[Exercise prompt]: Without the pictures, retype each line below exactly as it stands.

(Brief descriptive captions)
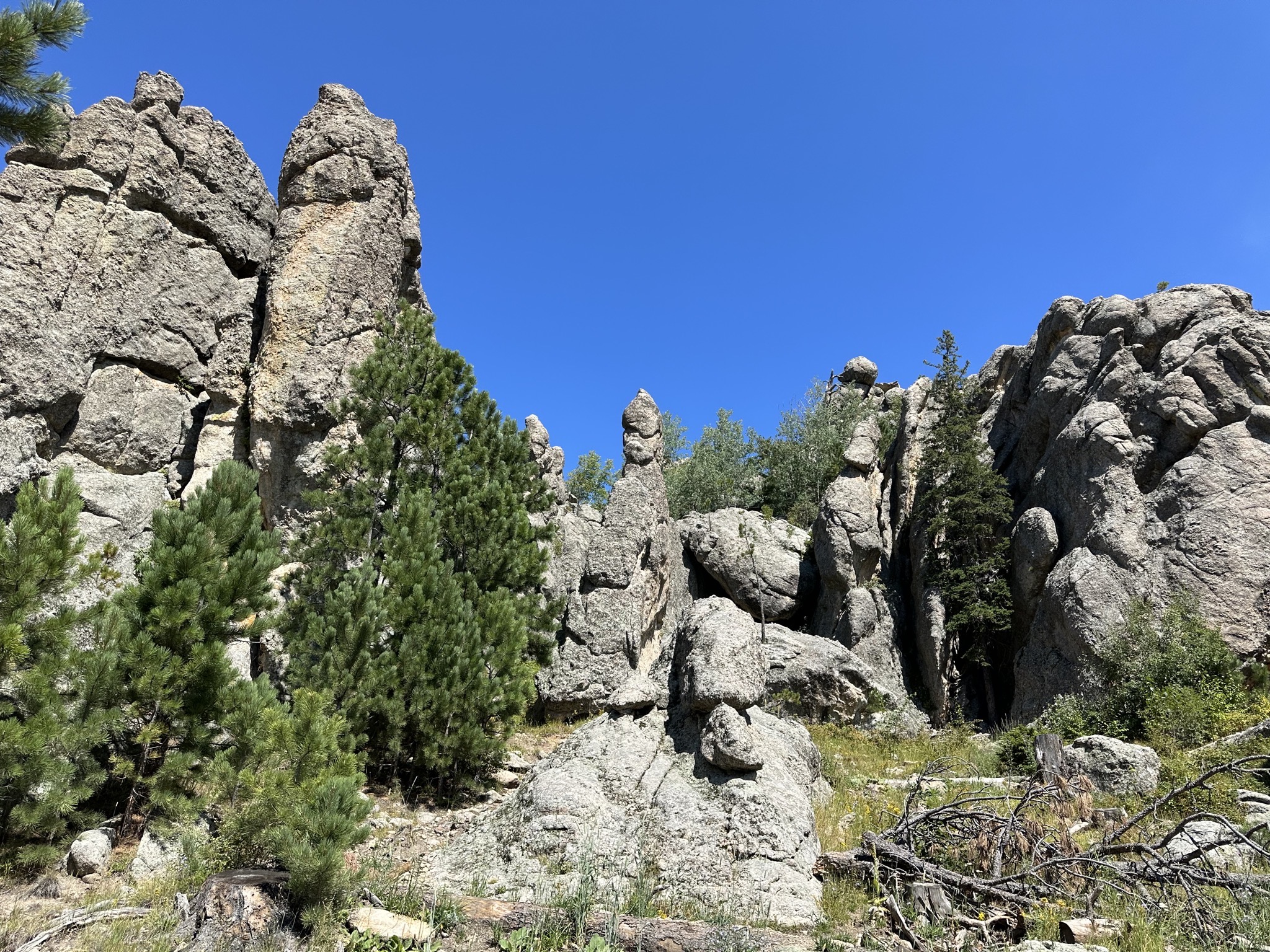Sylvan Lake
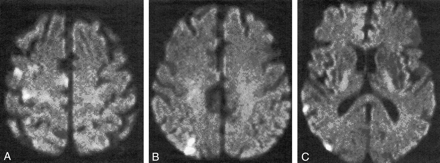 Fig 1.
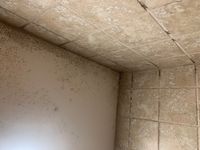 Photo Jul 08 2025, 5 29 09 PM.jpg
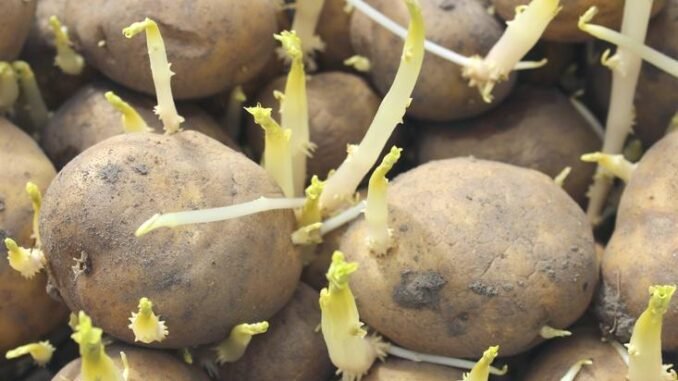 patates-sogan-ve-sarimsak-saklama-yontemleri-zHQ84ZNk.jpg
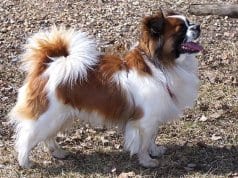 Young parti-color Tibetan Spaniel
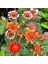 50 Adet Karışık Renk Chrysanthemum Çiçeği Tohumu + 10 Adet Süs Yoncası Çiçek Tohumu 1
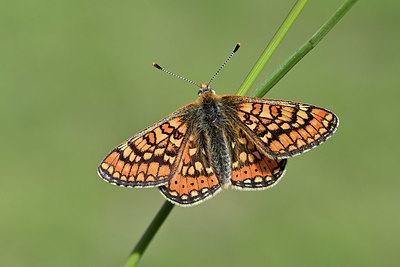 BUITEN BEELD Foto: 343591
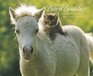 Barn Buddies 2010 Calendar: Horses & Friends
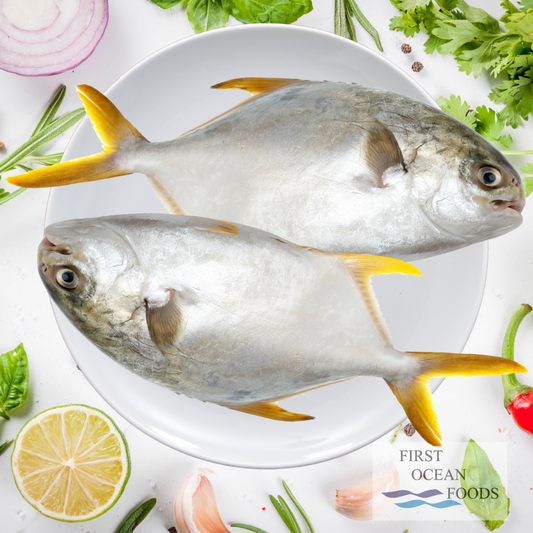 Frozen Golden Pomfret (6-7PC) - 2KG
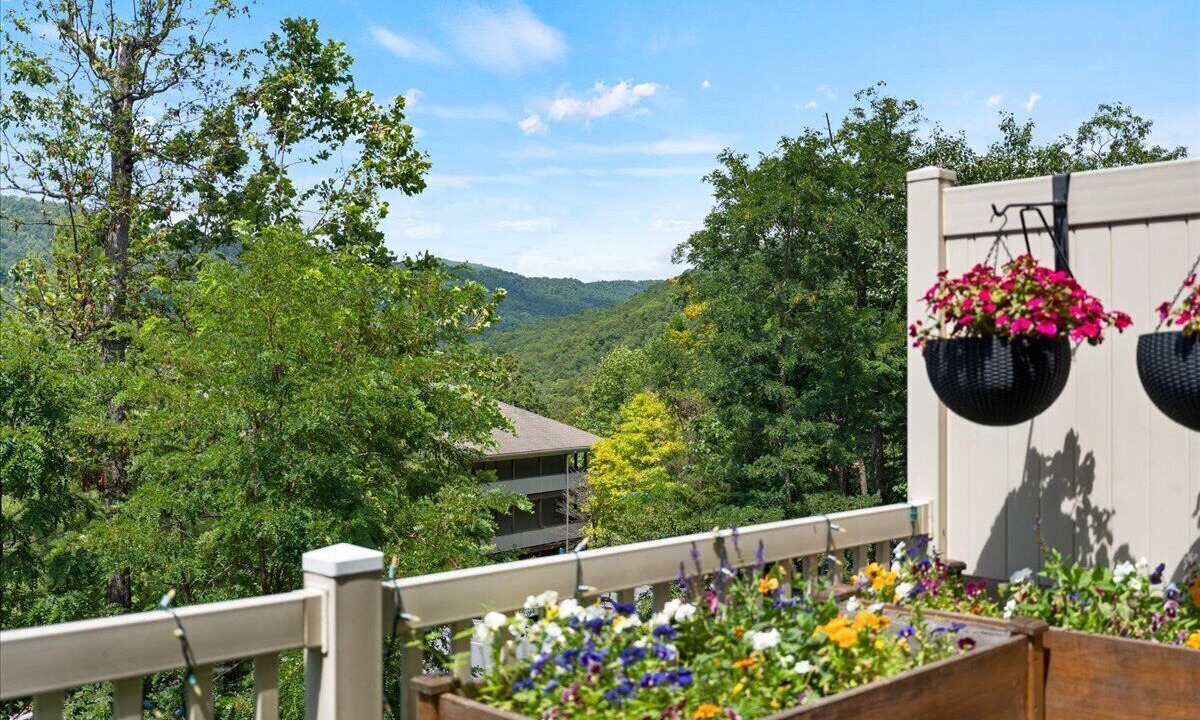 Photo of Outdoor in Massanutten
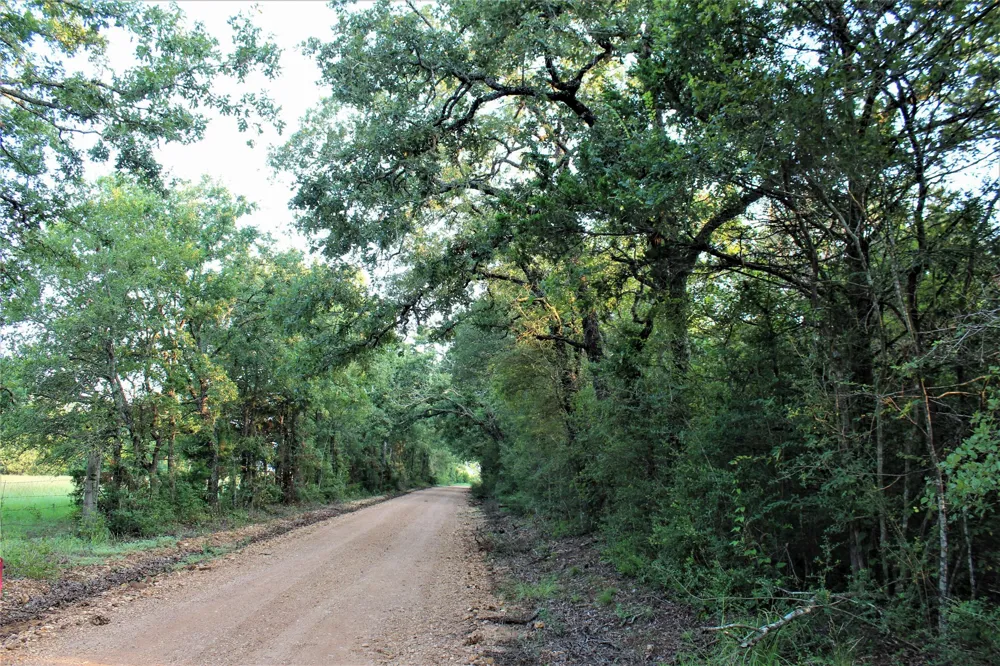 29 Co Rd 271A Cameron, TX 76520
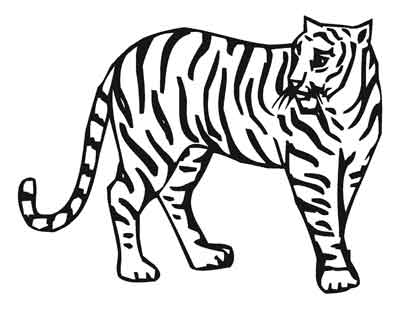 Zoo Animal Drawing at GetDrawings | Free download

[Exercise output]:
Sylvan Lake
 Fig 1.
 Photo Jul 08 2025, 5 29 09 PM.jpg
 patates-sogan-ve-sarimsak-saklama-yontemleri-zHQ84ZNk.jpg
 Young parti-color Tibetan Spaniel
 50 Adet Karışık Renk Chrysanthemum Çiçeği Tohumu + 10 Adet Süs Yoncası Çiçek Tohumu 1
 BUITEN BEELD Foto: 343591
 Barn Buddies 2010 Calendar: Horses & Friends
 Frozen Golden Pomfret (6-7PC) - 2KG
 Photo of Outdoor in Massanutten
 29 Co Rd 271A Cameron, TX 76520
 Zoo Animal Drawing at GetDrawings | Free download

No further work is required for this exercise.